Why all this emotional unrest over the election of a President I’ve managed to survive the past four years?
I blame our accountant.
Last week, our accountant, who is a perfectly nice woman, met with my husband and me to discuss financial planning for next year. As we were wrapping up our conversation, she happened to mention that she’d had her assistant take everyone’s income for 2011 and calculate their projected taxes for 2013 if the Bush tax cuts expire and Obamacare taxes go into effect. Letters were going in the mail with the results later in the week.
“I can’t remember what your results are,” she said offhandedly, “but when I saw some of those numbers I nearly fell off my chair.”
Last Friday, the letter arrived as promised.
I not only fell off my chair, I hit the floor gasping for breath.
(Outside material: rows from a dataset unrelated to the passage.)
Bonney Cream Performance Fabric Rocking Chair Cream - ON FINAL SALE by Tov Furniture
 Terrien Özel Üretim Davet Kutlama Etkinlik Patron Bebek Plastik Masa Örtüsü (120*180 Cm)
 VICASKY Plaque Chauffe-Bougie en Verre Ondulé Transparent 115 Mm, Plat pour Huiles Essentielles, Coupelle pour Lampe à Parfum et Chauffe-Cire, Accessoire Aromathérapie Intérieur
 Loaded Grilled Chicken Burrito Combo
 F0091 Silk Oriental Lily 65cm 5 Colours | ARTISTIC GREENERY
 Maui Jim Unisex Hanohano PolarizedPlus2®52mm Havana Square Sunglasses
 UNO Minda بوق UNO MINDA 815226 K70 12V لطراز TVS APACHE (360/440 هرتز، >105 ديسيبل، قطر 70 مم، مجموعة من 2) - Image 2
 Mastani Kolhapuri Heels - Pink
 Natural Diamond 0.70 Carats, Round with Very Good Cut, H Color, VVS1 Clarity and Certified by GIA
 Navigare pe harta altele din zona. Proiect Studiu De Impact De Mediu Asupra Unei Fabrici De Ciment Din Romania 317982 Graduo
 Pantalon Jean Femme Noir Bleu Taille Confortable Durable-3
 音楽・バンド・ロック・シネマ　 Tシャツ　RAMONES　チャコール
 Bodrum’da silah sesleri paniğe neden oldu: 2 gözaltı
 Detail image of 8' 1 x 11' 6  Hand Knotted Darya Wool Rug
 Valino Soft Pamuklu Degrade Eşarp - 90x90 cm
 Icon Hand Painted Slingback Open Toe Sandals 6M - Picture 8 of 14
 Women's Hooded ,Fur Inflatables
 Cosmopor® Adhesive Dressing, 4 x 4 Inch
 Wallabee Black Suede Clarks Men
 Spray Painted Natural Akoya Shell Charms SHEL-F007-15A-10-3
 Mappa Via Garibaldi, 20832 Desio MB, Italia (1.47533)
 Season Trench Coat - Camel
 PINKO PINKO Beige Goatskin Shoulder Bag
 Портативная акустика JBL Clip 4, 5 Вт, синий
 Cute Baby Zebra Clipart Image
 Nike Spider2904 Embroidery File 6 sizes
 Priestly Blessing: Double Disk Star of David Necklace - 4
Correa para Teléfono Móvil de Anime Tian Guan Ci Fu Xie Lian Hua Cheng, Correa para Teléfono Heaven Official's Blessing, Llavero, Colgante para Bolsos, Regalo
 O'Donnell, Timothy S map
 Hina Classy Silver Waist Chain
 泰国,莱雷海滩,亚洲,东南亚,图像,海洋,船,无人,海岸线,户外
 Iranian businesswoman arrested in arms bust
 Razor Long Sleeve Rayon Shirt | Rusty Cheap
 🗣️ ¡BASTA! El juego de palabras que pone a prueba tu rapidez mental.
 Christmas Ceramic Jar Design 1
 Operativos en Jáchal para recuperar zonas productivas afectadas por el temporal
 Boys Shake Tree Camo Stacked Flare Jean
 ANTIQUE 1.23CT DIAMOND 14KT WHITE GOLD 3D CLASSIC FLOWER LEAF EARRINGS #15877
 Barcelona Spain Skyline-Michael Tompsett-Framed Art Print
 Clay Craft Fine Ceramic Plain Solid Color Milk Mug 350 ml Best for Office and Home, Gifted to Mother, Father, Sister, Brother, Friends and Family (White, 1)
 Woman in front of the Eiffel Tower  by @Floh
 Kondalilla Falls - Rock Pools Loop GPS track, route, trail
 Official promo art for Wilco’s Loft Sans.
I won’t tell you what I scream at the television every time Barack Obama or Harry Reid say that higher income earners should have to pay “just a little more” because I generally don’t talk that way. I’d also like to meet some of these people Obama and Reid claim are actually eager to pay more taxes. So far, I personally haven’t met one yet.
Now with the election over, the fiscal cliff looming, and a clear target painted on my back, I take on the task of finding money to pay “my fair share.” I’ve already informed a few people that I can no longer use their services. A car dealer called today to see if she could get me in a new car. I politely told her “no” and asked her if she wouldn’t mind praying with me that my current car holds up four more years. My son suggested that we find things to sell on Ebay. He offered cards from his brother’s Pokemon collection. I’m not entirely ruling that out, but I think it’s only fair to ask my other son first.
So while Congress and the President do the usual dance that goes along with fixing the fiscal cliff, I’ll be working on solving my own.